Top of The data

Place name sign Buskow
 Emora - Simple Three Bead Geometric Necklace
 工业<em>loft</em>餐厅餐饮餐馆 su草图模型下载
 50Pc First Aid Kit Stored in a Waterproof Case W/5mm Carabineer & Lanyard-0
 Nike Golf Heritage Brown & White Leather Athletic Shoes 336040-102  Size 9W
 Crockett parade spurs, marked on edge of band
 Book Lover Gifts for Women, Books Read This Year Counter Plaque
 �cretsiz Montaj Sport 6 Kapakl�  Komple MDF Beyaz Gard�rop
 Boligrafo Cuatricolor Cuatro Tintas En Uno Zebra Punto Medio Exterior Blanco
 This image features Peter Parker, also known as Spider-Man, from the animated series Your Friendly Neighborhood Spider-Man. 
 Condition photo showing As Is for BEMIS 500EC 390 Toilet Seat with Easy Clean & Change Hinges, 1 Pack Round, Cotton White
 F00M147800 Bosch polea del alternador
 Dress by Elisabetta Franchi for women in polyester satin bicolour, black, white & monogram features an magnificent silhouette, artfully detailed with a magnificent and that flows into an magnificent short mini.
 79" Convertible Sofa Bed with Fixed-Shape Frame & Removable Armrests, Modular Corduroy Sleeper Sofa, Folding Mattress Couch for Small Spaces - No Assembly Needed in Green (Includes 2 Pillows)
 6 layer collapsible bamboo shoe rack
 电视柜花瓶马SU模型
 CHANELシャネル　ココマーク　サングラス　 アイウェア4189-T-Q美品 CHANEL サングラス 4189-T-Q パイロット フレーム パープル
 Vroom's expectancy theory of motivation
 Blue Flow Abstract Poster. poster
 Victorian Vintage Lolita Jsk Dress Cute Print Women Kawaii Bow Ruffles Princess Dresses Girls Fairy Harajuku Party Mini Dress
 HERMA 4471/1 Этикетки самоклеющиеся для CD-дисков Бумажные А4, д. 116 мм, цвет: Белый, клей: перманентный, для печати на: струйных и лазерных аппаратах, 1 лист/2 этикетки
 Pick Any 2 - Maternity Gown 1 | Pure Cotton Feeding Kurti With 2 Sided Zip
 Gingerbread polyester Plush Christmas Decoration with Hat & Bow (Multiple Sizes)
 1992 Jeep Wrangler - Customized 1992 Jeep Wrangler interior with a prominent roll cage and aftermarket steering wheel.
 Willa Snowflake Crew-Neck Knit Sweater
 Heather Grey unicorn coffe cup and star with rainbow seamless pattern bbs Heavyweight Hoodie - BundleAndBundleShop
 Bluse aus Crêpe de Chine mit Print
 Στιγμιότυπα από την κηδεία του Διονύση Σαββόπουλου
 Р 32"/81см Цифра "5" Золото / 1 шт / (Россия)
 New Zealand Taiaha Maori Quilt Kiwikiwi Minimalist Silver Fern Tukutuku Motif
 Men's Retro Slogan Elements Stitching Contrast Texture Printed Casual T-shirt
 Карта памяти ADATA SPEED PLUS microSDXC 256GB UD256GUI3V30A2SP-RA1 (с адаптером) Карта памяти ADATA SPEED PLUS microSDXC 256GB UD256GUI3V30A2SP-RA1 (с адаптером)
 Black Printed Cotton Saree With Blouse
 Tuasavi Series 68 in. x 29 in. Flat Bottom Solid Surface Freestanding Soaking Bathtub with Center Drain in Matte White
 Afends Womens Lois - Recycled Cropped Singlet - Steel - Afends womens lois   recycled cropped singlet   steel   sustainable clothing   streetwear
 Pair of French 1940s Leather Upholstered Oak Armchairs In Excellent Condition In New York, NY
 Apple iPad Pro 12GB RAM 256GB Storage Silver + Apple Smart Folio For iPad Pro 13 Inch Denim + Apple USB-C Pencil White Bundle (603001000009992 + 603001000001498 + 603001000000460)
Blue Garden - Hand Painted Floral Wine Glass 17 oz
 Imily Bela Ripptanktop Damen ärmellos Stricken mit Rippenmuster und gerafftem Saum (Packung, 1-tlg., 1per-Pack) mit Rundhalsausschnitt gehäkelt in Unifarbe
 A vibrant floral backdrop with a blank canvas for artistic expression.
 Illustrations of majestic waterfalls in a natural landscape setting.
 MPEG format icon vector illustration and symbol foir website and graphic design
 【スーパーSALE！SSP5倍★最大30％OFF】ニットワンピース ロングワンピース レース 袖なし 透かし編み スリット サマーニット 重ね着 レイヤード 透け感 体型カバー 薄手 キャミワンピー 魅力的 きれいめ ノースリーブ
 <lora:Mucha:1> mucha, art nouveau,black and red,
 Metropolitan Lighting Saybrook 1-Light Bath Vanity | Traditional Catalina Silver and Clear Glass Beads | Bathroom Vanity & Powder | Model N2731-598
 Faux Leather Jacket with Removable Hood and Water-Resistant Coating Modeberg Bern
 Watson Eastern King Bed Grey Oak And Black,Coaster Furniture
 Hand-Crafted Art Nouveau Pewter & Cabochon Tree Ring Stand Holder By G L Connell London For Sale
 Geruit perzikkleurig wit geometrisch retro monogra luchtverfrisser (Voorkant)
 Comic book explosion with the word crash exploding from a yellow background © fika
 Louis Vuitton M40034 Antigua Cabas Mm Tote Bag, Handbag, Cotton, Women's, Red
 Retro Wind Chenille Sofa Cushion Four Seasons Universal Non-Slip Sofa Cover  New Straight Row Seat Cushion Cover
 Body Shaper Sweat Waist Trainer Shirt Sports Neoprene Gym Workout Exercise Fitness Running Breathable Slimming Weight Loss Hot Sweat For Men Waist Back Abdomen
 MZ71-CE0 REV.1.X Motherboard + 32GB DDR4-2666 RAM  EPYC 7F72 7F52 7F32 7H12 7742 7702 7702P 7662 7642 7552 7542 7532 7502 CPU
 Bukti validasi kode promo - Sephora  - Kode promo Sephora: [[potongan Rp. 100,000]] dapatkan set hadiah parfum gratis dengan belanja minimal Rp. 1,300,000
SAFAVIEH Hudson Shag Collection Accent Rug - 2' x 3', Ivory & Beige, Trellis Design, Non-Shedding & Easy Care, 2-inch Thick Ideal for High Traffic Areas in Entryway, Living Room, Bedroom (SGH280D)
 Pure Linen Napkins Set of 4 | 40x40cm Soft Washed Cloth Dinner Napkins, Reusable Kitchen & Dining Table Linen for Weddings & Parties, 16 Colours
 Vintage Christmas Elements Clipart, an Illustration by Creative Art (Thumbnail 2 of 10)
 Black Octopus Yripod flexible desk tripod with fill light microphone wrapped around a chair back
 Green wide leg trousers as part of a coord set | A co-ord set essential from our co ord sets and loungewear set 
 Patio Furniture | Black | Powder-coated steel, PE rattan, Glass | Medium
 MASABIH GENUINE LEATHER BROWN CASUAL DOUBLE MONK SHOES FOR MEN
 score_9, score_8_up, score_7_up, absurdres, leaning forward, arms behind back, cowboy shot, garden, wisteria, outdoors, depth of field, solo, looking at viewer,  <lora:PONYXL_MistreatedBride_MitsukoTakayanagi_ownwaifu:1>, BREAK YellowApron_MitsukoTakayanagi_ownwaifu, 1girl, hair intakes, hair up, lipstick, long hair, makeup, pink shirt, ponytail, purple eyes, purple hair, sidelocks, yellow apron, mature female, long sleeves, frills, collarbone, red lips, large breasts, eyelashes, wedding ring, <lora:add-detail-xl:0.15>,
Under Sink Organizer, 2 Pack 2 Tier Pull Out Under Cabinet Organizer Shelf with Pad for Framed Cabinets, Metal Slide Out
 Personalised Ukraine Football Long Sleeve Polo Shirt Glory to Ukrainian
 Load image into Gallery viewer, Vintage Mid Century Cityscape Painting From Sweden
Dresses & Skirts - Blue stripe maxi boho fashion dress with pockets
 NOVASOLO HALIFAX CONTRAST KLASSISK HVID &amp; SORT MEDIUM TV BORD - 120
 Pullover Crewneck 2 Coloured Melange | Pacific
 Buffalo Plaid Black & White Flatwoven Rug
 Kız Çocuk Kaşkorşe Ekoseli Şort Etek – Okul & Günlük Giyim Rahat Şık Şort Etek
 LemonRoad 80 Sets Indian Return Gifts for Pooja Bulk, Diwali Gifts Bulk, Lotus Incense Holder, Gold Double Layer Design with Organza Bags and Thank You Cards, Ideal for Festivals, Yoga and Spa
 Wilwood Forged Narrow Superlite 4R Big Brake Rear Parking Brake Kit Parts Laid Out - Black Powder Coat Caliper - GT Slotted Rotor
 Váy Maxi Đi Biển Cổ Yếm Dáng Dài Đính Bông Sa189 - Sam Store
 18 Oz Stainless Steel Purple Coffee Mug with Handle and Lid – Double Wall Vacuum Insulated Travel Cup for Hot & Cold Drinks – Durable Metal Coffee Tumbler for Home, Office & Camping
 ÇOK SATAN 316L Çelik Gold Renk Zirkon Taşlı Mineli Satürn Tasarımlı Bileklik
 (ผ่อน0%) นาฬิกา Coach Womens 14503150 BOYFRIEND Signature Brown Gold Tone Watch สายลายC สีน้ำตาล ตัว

Bottom of The data

Using the records above, set down exactly the lines from the one with "Στιγμιότυπα από την" through the one with "Pair of French", inclusive, and nothing more.

 Στιγμιότυπα από την κηδεία του Διονύση Σαββόπουλου
 Р 32"/81см Цифра "5" Золото / 1 шт / (Россия)
 New Zealand Taiaha Maori Quilt Kiwikiwi Minimalist Silver Fern Tukutuku Motif
 Men's Retro Slogan Elements Stitching Contrast Texture Printed Casual T-shirt
 Карта памяти ADATA SPEED PLUS microSDXC 256GB UD256GUI3V30A2SP-RA1 (с адаптером) Карта памяти ADATA SPEED PLUS microSDXC 256GB UD256GUI3V30A2SP-RA1 (с адаптером)
 Black Printed Cotton Saree With Blouse
 Tuasavi Series 68 in. x 29 in. Flat Bottom Solid Surface Freestanding Soaking Bathtub with Center Drain in Matte White
 Afends Womens Lois - Recycled Cropped Singlet - Steel - Afends womens lois   recycled cropped singlet   steel   sustainable clothing   streetwear
 Pair of French 1940s Leather Upholstered Oak Armchairs In Excellent Condition In New York, NY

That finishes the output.